Each message delivered had become an indelible memory, not memories he cherished at all, rather burdens to bear. One such memory bubbled up as he watched another in the seemingly endless parade of Crime Seen! spots that rolled across the small faded screen.

August, six years ago. A house, bigger than his own, sat on a hill in Iowa, off Highway 30, back in the sticks between Ames and Nevada, the owner a retired Story County sheriff, living there with his wife and son. The home had belonged to J.C. Harrow, the man he had made a star — devil his due, Harrow had saved the President’s life in a crazy coincidence that had, weirdly, served both the Messenger and his future nemesis.

Harrow’s fame had been an unseen outcome of that particular message. You couldn’t always know the ways in which your actions might impact the world. Making presidential hero Harrow a major celebrity, by having his family murdered the same day, had been one such instance.

As he checked the load in his revolver, and his backup in his speed-loader, he frowned, mildly surprised that — despite how many messages he’d delivered — each one remained distinct in his mind.

He took no pleasure in reliving these events, but he owed it to those who conveyed his messages for him not to forget their sacrifice. Without them, he would be nothing; without them, no point could be made.

The key, he knew, was that each delivery was cataloged in his mind by the gun he’d used. That was why, at the beginning, he had not needed to take souvenirs to help him remember and keep straight the calls he made. He was not, after all, some FedEx man with a computer to keep track.

But with each specific gun, he could look at it and remember each message just as he had delivered it, despite a certain sameness that had quickly crept in. That house in Iowa wasn’t so much different from the one he would visit tonight in New Mexico.

Both were two-story family homes, away from town, the Iowa one on a hill, this one down in a valley. The houses, except for their age (Iowa being older), were very similar, as were the families inside.

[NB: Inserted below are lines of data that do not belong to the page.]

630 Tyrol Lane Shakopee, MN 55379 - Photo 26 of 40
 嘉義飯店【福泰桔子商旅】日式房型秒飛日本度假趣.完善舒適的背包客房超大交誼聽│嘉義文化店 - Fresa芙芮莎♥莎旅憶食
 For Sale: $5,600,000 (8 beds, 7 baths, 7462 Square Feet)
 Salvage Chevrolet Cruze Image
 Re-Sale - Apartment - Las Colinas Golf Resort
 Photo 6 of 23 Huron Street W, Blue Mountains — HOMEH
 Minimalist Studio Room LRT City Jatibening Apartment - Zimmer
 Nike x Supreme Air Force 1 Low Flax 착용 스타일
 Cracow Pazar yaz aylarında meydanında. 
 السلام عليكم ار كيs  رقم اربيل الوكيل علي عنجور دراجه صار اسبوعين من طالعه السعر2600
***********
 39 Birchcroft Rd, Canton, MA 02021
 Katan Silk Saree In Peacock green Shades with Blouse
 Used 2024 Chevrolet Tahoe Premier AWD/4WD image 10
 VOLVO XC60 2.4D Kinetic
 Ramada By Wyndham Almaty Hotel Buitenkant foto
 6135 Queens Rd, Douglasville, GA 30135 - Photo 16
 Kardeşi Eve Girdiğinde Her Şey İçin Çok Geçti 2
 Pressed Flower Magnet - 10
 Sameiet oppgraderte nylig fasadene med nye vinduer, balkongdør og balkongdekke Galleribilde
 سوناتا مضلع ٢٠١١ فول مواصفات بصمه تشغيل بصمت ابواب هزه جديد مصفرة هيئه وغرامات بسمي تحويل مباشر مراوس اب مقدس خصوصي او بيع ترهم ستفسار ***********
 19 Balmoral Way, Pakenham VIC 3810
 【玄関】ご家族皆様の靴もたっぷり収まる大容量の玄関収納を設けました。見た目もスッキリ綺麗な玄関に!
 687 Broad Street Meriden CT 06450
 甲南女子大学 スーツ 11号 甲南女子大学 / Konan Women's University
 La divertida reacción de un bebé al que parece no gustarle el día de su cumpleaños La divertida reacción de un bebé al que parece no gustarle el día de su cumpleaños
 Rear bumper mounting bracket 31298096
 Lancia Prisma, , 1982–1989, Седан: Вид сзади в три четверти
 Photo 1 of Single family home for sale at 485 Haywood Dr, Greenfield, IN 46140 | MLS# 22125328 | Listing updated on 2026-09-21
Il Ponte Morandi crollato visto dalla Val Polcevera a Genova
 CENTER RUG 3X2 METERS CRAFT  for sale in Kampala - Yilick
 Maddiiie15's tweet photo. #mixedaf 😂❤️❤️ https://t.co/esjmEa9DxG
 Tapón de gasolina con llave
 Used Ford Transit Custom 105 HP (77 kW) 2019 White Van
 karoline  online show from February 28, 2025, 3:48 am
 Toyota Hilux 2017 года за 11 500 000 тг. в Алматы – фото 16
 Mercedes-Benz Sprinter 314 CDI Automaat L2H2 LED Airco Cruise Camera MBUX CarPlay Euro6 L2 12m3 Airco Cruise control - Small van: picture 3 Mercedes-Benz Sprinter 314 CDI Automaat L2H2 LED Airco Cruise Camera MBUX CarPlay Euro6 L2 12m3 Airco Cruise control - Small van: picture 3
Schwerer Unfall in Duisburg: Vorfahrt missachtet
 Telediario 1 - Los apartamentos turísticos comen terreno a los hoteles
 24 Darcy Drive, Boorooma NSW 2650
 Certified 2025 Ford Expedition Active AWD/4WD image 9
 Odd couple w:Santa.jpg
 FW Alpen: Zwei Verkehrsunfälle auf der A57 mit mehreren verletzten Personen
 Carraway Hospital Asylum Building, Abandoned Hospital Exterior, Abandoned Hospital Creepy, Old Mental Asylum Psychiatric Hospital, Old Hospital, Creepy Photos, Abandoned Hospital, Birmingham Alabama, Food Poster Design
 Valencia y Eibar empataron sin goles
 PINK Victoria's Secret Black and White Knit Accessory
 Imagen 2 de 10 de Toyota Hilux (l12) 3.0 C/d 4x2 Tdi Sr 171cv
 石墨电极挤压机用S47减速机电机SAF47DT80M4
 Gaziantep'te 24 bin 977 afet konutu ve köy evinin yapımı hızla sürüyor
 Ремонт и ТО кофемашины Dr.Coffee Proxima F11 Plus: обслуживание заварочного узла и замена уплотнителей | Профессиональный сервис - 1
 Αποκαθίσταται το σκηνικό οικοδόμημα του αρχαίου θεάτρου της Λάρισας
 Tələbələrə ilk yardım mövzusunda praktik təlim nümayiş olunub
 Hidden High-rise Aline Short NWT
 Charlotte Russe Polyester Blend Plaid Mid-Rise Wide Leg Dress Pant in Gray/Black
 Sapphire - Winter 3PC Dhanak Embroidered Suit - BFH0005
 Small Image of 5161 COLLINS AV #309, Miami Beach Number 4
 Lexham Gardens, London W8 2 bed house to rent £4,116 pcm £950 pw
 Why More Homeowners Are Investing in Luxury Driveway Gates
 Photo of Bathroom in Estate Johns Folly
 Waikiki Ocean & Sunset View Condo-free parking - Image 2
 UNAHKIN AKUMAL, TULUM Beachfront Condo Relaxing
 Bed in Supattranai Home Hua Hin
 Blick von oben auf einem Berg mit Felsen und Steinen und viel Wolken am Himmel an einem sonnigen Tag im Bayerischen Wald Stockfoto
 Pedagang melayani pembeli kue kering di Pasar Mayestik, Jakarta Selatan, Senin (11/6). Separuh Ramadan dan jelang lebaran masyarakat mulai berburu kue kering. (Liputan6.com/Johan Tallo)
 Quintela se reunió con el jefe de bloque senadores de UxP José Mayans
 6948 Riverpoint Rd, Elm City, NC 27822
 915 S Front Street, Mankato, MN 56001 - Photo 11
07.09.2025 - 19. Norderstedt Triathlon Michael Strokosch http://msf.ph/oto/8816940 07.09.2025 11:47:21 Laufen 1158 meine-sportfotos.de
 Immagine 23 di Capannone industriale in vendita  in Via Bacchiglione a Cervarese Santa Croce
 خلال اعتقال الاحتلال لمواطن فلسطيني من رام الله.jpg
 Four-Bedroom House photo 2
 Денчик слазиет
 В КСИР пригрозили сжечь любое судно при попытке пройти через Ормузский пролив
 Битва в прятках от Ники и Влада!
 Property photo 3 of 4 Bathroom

Though retired Sheriff Harrow had only the one child, this family had two. And like Harrow, this man — George Reid — was a civil servant, the lead accountant for Socorro County.

And the Messenger knew all too well how much trouble accountants could cause.

Even now, the .357 pressing against his side as he drove to deliver the Socorro message, he could feel the similarities between the two messages weaving within him, a reflection on a past delivery and a briefing for the upcoming one.

In Iowa, he parked one road north of his target, and left the nondescript Chevy sitting by the side of the road as he took off cross-country, making his way through the neighbor’s cornfield that stood between him and the back of Harrow’s house.

In New Mexico, he killed the headlights and turned into the Reids’ long driveway, coasted out of view from the road, killed the engine, climbed out of the car.

The Iowa breeze was warm, the sun bright, as the Messenger made his way through corn taller than him, careful to guard his face and hands from the slash of stalks, the air smelling like a summer Sunday from back when life was good.

Tonight the breeze in the Rio Grande Valley was cool, blowing gently from the Cibola National Forest to the west, hinting of a late-season forest fire. Darkness had settled in, but a bright moon and a million stars made it easy to navigate the gravel drive.

When he got to the edge of the cornfield, he’d peeked out at the back of the house — shut up tight, air conditioner humming. No other sounds, movement. He expected a barking dog, a passing car, something, anything; but nothing — nothing but the steady beat of his own heart.

The drive here was lined with Mexican pinyon trees, providing plenty of cover as he made his way. The night was a calming cloak, the lights of the house visible through the trees.